講演情報

[1J10]西側援助体制の自壊

*志賀 裕朗1 (1. 横浜国立大学)

キーワード:

開発援助、規範、アメリカ、法の支配

1.研究の背景およびリサーチクエスチョン
 これまで、開発援助秩序の変容は新興国の台頭の文脈で語られてきた。つまり、先進諸国が苦心して作り上げてきた開発援助を巡る国際秩序が、中国をはじめとする「外部」からの挑戦に晒され、変容を迫られているという捉え方である。しかし、開発援助秩序は、他ならぬ先進国自身の行動によって自壊しつつある。それを象徴するのが第2次トランプ政権の動きである。同政権は、米国国際援助庁( USAID)を国務省に統合するとともに、職員を大量に解雇し、援助予算を9割近く削減する方針を打ち出して世界を驚かせた。

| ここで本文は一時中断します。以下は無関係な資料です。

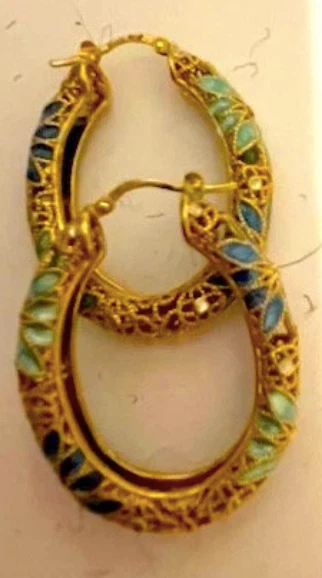 Mia Fiore Dyadema Italia 18KT chapado en oro relleno esmaltado Foto 4 de 4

本発表では、こうしたアメリカ援助体制(規範および制度)の激変が如何にして起きたかを、法の支配の理論に照らして分析する。
2.資料・情報および分析方法
 法の支配は、権力の恣意的な行使を法によって抑制することを目指す当地の原理である。本発表では、法の支配にいう「法」を、制定法のようなハード・ローのみならず関係者によって長きにわたり遵守されてきた慣行のようなソフト・ローを含むものと理解したうえで、これまでのアメリカの援助体制を支えてきた法制度がどのようにしてトランプ政権によって無視され、歪められてきたかを分析する。
3.得られた知見    
 トランプ政権による数々の「横暴なふるまい」はしばしばトランプ大統領自身およびその周辺の「取り巻き」によるものと考えられている。しかし、トランプ政権が法制度を無視する形で援助体制を変更するのを可能にしたのは、立法府(連邦議会)および司法府(連邦最高裁)の積極的容認あるいは消極的認容があったからである。これは、アメリカ連邦憲法が想定する三権分立による抑制と均衡のメカニズムが働かず、むしろ三権の協働によって開発援助制度を巡る法の支配が崩壊したという事態の深刻さを示唆している。